--- TASK PROMPT ---
The records that follow must be repeated exactly, minus the images.

══════

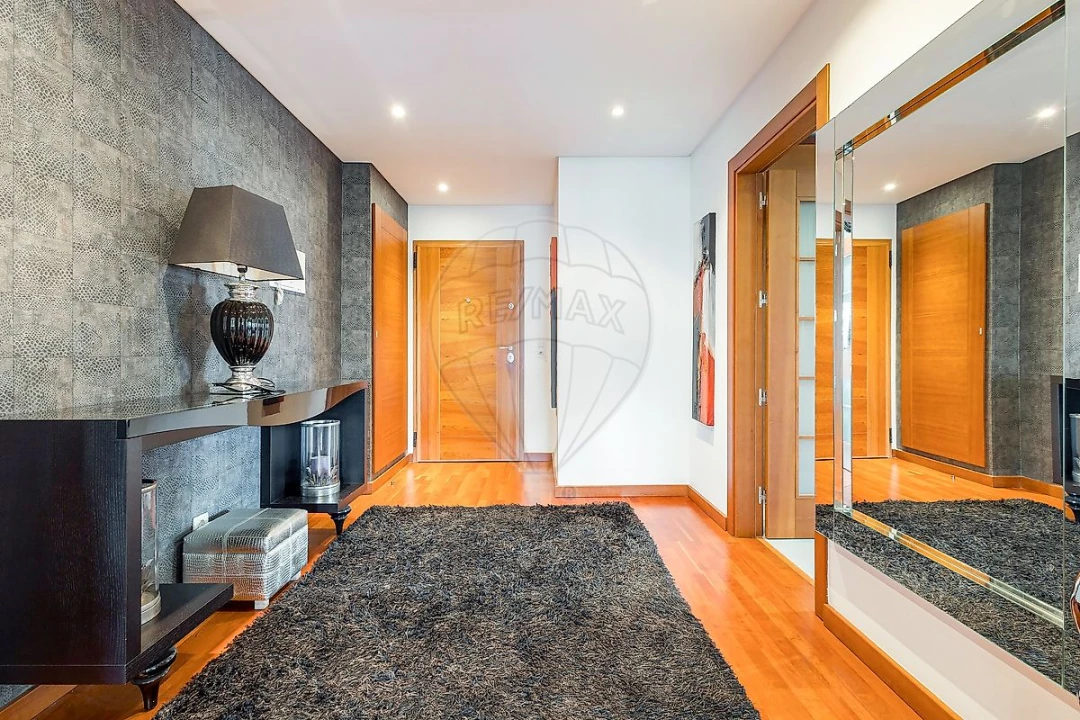 Apartamento T4 para Venda em Sacavém e Prior Velho Foto 3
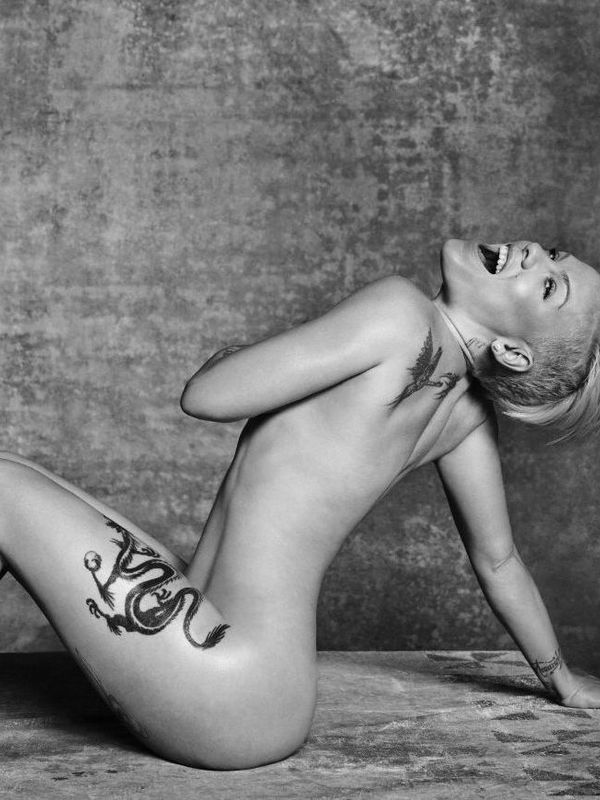 Singer Pink nude for People Magazine - Most Beatuiful Issue 2015.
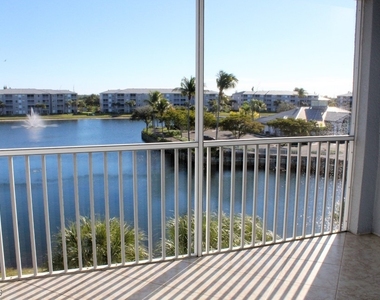 16685 Lake Circle Drive - Photo Thumbnail 19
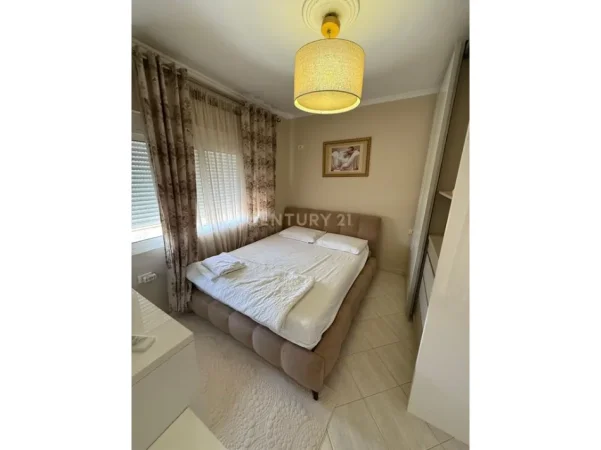 Tirane, jepet me qera apartament 1+1 Kati 5, 45 m² 500 € (pallati me shigjeta)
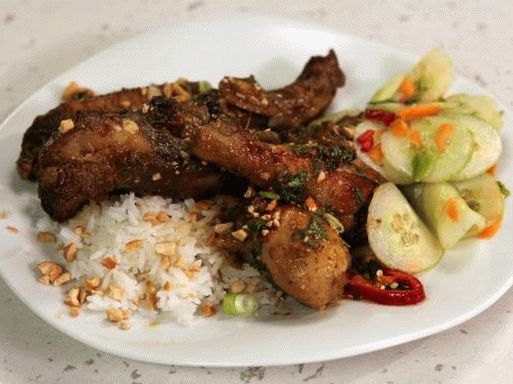 Photo Ribs in Thai with light-salted cucumbers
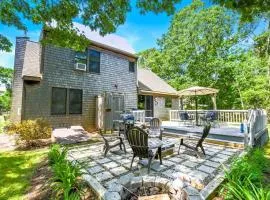 Updated Home on Bayside of Eastham!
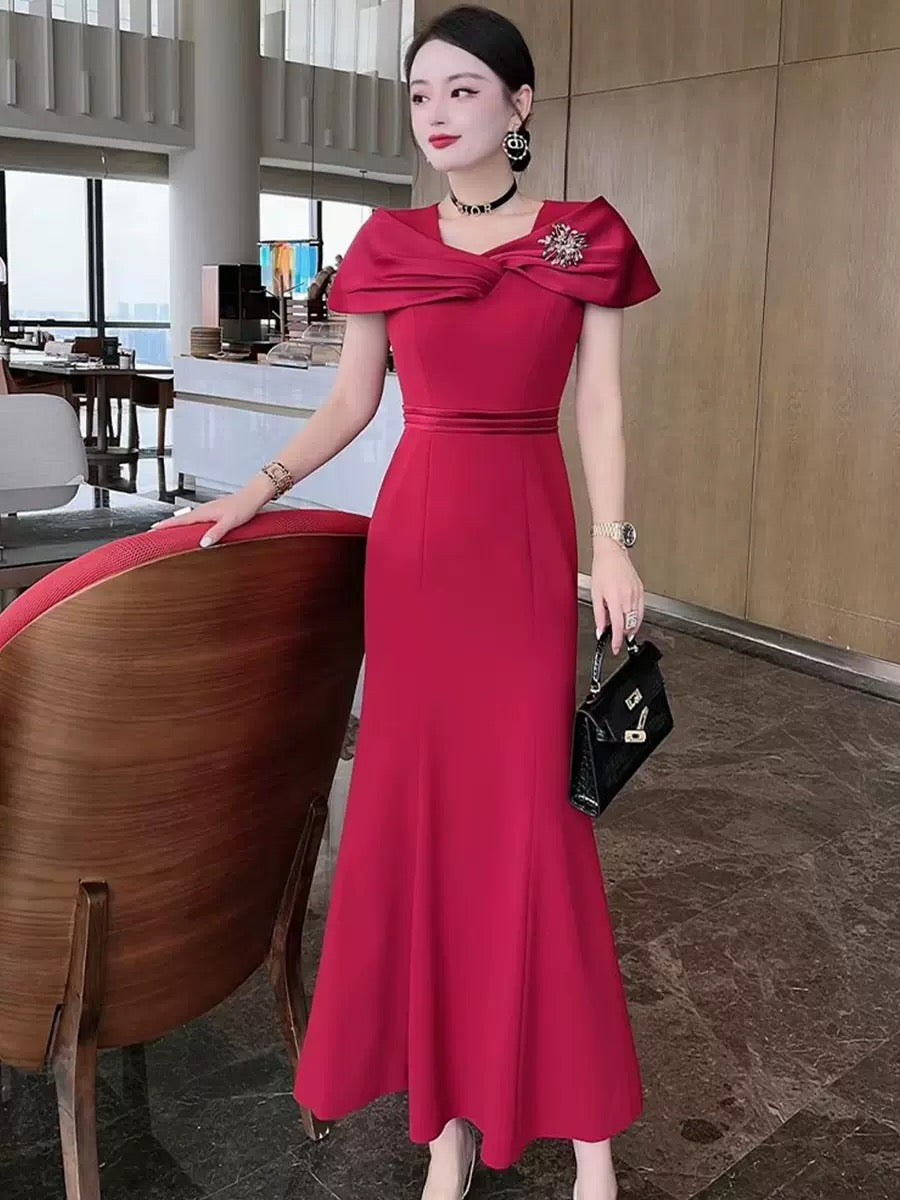 2024 Spring Elegant Feminine Slim Mermaid Banquet Dress Long Dress Noble Shoulder Goddess Dress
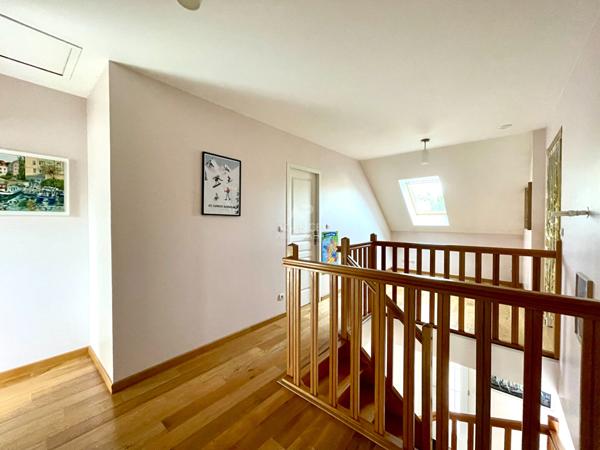 Maison Eragny 6 pièce(s) 166 m2 €549 000 - Référence 7193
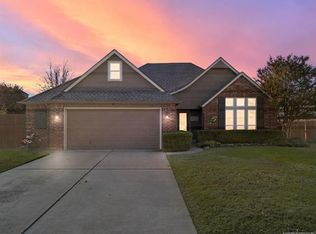 9804 E 98th St N, Owasso, OK 74055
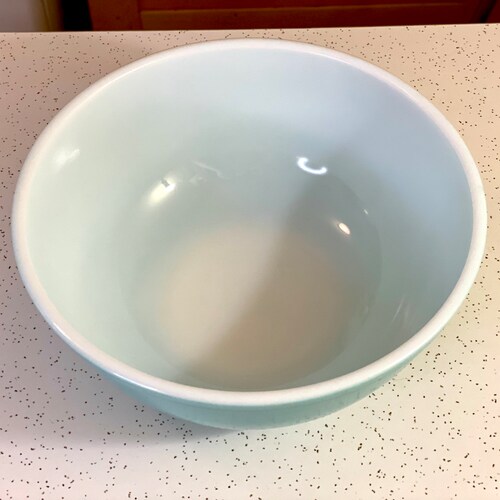 Pyrex shops Turquoise Mixing Bowl 404, Large Blue Pyrex 4 Quart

══════

--- ANSWER SECTION ---
 Apartamento T4 para Venda em Sacavém e Prior Velho Foto 3
 Singer Pink nude for People Magazine - Most Beatuiful Issue 2015.
 16685 Lake Circle Drive - Photo Thumbnail 19
 Tirane, jepet me qera apartament 1+1 Kati 5, 45 m² 500 € (pallati me shigjeta)
 Photo Ribs in Thai with light-salted cucumbers
 Updated Home on Bayside of Eastham!
 2024 Spring Elegant Feminine Slim Mermaid Banquet Dress Long Dress Noble Shoulder Goddess Dress
 Maison Eragny 6 pièce(s) 166 m2 €549 000 - Référence 7193
 9804 E 98th St N, Owasso, OK 74055
 Pyrex shops Turquoise Mixing Bowl 404, Large Blue Pyrex 4 Quart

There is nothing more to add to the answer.